Sermons

Summary: A Palm Sunday message about the importance of dealing with our sorrows in order to more fully experience the peace and joy of Christ.

Jesus has set his face toward Jerusalem. For three years he has been calling disciples, teaching crowds, healing the lame, welcoming outcasts, and dining with sinners. He has been teaching about God’s new covenant and the reality of God’s kingdom, even as he embodied it. Now, it is time for Christ’s ministry to reach its fulfillment. It just so happens that this time coincides with the Festival of the Passover, one of the “high, holy days” of the Jewish calendar, not unlike Christmas and Easter on the Christian calendar. An important part of the Passover celebration was a pilgrimage to Jerusalem, the Holy City. So each year at the appropriate time, thousands of Jews would begin their journey to Jerusalem, which is exactly what Jesus is doing where we pick up in Luke’s gospel this morning. We call today Palm Sunday, but for Jesus, it was the beginning of the Passover Feast, and it’s time to go to Jerusalem.

Jesus and his disciples began their pilgrimage in Jericho, the lowest point on the face of the earth (that’s not underwater). They would have journeyed mile after uphill mile, winding through the sandy hills from Jericho. They would have traversed through the Judean desert, climbing all the way. About halfway up the climb, they would have reached sea level, having already come a long way from the Jordan valley. But still, they had a fair-sized mountain to ascend on their journey. It would’ve been hot; since it seldom if ever rains, and that makes it quite dusty as well. It would be a tiring journey for any pilgrim. So as Jesus and his disciples approach Bethphage and Bethany, Luke tells us that Jesus instructed his disciples to go ahead into the village. There, Jesus says, they will find a colt that has never been ridden. Jesus tells the disciples to bring the colt to him, and that if anyone asks why they are taking the colt, to respond that, “Its Master needs it.” So the disciples do as they are told, and when they return with the colt, they throw their cloaks over it’s back, Jesus mounts it, and the journey continues.
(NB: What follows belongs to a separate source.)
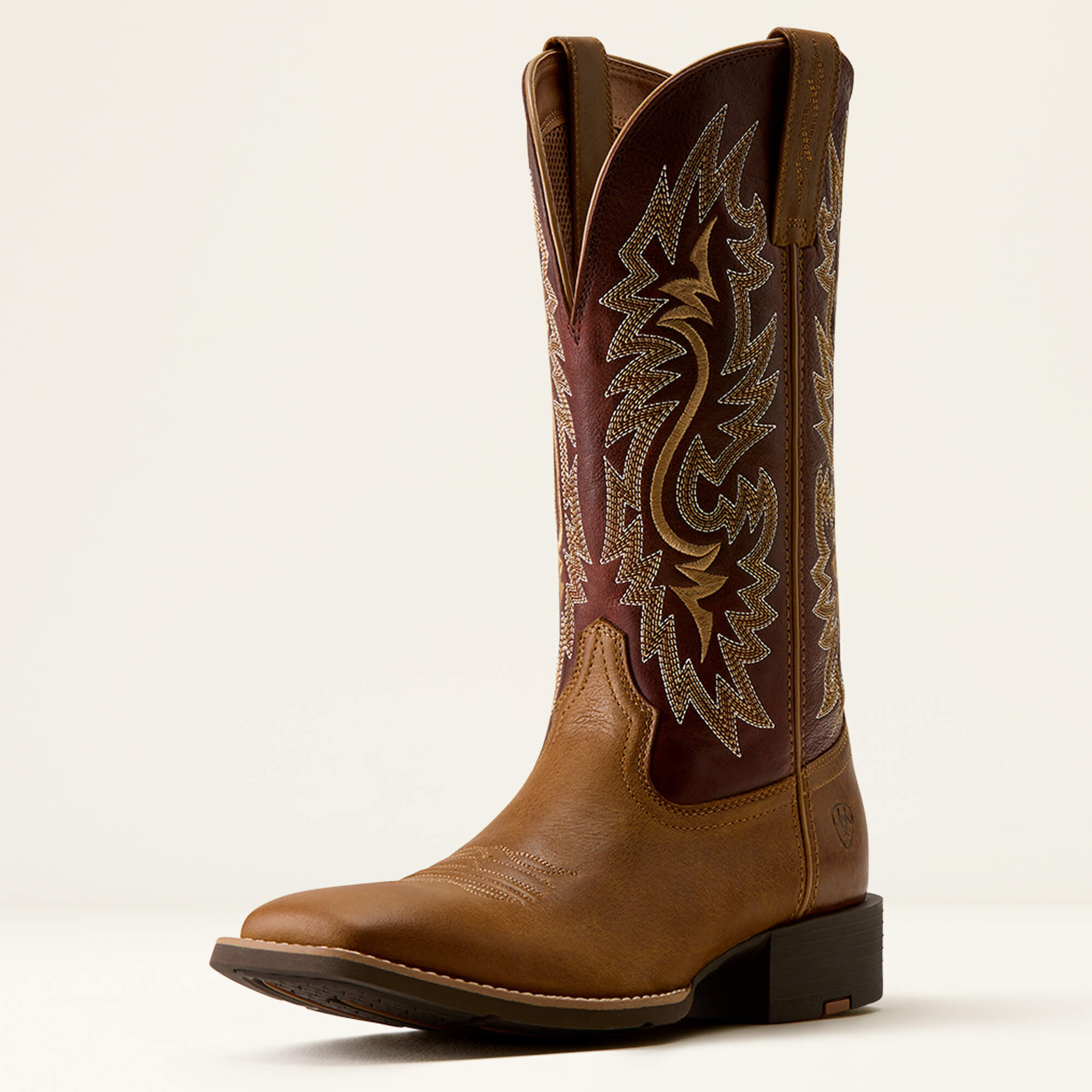 Sport Colter Wide Square Toe Cowboy Boot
But the tone of the journey has changed. Whereas before we can imagine that they might have felt burdened and tired, now the mood is light and celebratory. As the crowd of pilgrims continue on, with Jesus among them on the colt, they continually throw their cloaks down before him. And eventually they reach the top of the Mount of Olives. After such a climb, the sense of relief and excitement would have been intense. At last, the barren, dusty desert gives way to lush green growth, and at the crest of the summit there is a clear view of their destination, the Holy City, Jerusalem itself. For the Jews, Jerusalem is the place where heaven and earth meet, and now they see it before them, glistening in the sun on its own slightly smaller hill just across a narrow valley. And there, Luke reports, the whole crowd of disciples began to celebrate and praise God at the tops of their voices for all the powerful deeds they had seen. “Blessings on the King who comes in the name of the Lord. Peace in heaven and glory in the highest heavens,” they sang!
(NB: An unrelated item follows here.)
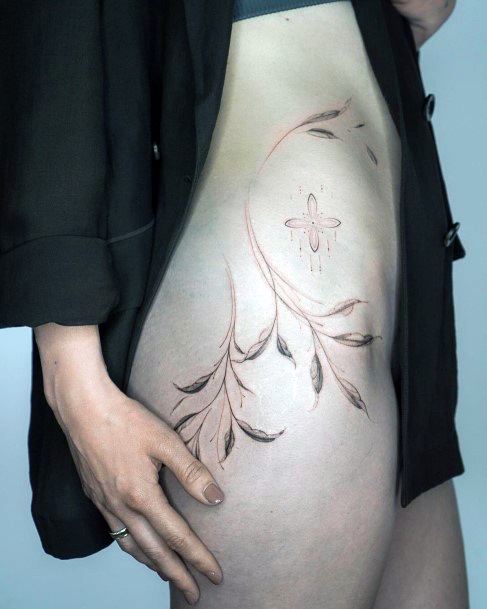 Remarkable Womens Girly Tattoo Ideas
You know, when we imagine Palm Sunday, the picture that emerges in our mind is one of Jesus, clothed in white, riding through the gates of Jerusalem on a donkey. All around him people are singing praises and waving palms. But Luke’s story is a little different. There are no palm branches. And as a matter of fact, Jesus and the crowds of pilgrims haven’t made it into Jerusalem yet as the people throw their cloaks before the colt that Jesus is riding, and begin lifting words of celebration and praise. It is because of what happens next that these little details matter.

As they stand there at the summit of the Mount of Olives, looking out across the Kidron Valley to shining Jerusalem, the city of peace, Jesus begins to weep. This is not something that happens very much. The only other time the gospels record that Jesus wept was at the tomb of his friend, Lazarus. But now, this vision of Jerusalem prompts a similar reaction. Why? When Jesus is surrounded by crowds of celebrating pilgrims, why would he stand in their midst, the Holy City laid out gloriously before him, and weep? Why?

I imagine the crowds around him must have gradually fallen silent as they realized that the One they were celebrating was crying. I imagine they must have all turned to look at him in wonder and curiosity. Then, as the tears fell from his eyes, Jesus spoke, “If only you knew on this of all days the things that lead to peace. But now they are hidden from your eyes.” Jerusalem, the city whose very name means peace, is laid out before them; and yet Jesus weeps saying that the way to peace is hidden from our eyes.